ANCHE IL CARCERE E’ CITTA’, MA IL CARCERE FIORENTINO E’ ANCORA ISOLATO DAI MEZZI PUBBLICI

ANCHE IL CARCERE E’ CITTA’, MA IL CARCERE FIORENTINO E’ ANCORA ISOLATO DAI MEZZI PUBBLICI

All’inizio furono le Burella, oscure e sotterranee, poi venne il tempo del Bargello e delle Stinche con il motto “Oportet misereri“ (occorre compatire) inciso all’ingresso e infine gli ex monasteri delle Murate, Santa Verdiana e Santa Teresa. La visione che dal medioevo ci conduce alla fine del secolo scorso collocava le carceri sempre all’interno delle mura cittadine: la prigione faceva parte integrante della città. Solo il palco delle esecuzioni capitali era posto fuori Porta della Giustizia, vicino alla torre della Zecca. Con il secolo dei lumi, e da noi Cesare Beccaria e il Codice Leopoldino, la logica della pena cambia: non più corporale ma costruita attorno alla privazione della libertà, in un carcere che però resta inserito nel tessuto cittadino, capace di avere con esso una relazione umana e perfino politica. Come non ricordare le vicende ambientate nel carcere della Murate narrate nei romanzi Metello e Cronache di poveri amanti di Pratolini?

Oggi, invece, la relazione tra carcere e città è sfuggente.

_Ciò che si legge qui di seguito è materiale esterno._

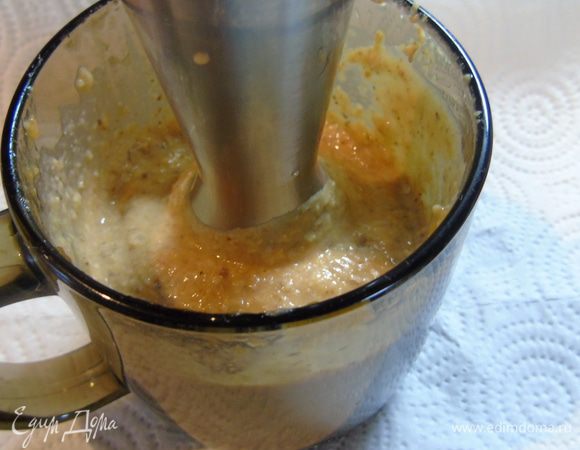 Добавить чеснок и лук-шалот. Все взбить в однородную массу. Посолить и поперчить по вкусу.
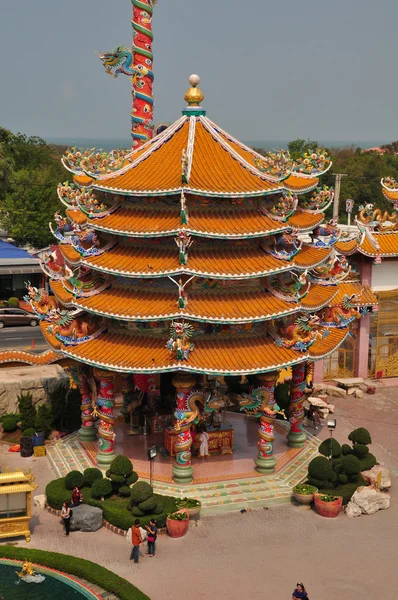 Turistas desconocidos visitan santuario chino en Chonburi, Tailandia . — Foto de Stock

Lo spostamento nel 1983 del polo penitenziario fuori Firenze, nella zona di Sollicciano, ha portato con sé nuovi problemi e vecchie necessità. E’ sempre più raro, infatti, che nei tempi dell’esclusione un istituto penitenziario sia coinvolto nella vita di una città. Eppure quante attività si potrebbero concepire – e quante aperture in un senso e nell’altro si saprebbero inventare – per inserire i detenuti all’interno della vita civica. Basterebbe volerlo e creare quelle minime strutture di collegamento tra il carcere e la città. L’espulsione – perché così fu vissuta – del polo penitenziario da Firenze equiparò nei fatti il carcere a una discarica di rifiuti solidi umani, ops, urbani. Non è buon uso farla vicino al centro abitato, meglio costruirla lontano da occhi indiscreti, e meglio ancora se arricchita con qualche diavoleria architettonica.

Il carcere di Sollicciano oggi è isolato; per raggiungerlo bisogna per forza usare l’auto.

Fino al 2011 era collegato alla città dalla linea Ataf numero 27, che fu soppressa ai tempi delle ristrutturazioni economiche, per risparmiare e allo stesso tempo chiudere ancora di più un’istituzione totale e lasciarla isolata nei suoi problemi di vita quotidiana. Più volte abbiamo sollevato il problema, perché sono davvero in tanti a subire i disagi dovuti a questa situazione: i parenti dei detenuti, i detenuti in permesso di lavoro, gli agenti del corpo di Polizia Penitenziaria, i volontari.

Riattivare la fermata Ataf di fronte ai cancelli principali, costituirebbe un significativo passo per tornare a percepire il carcere di Sollicciano come luogo reale della città di Firenze, che, al pari di altri istituti come gli ospedali o le scuole, ha diritto ai servizi della città.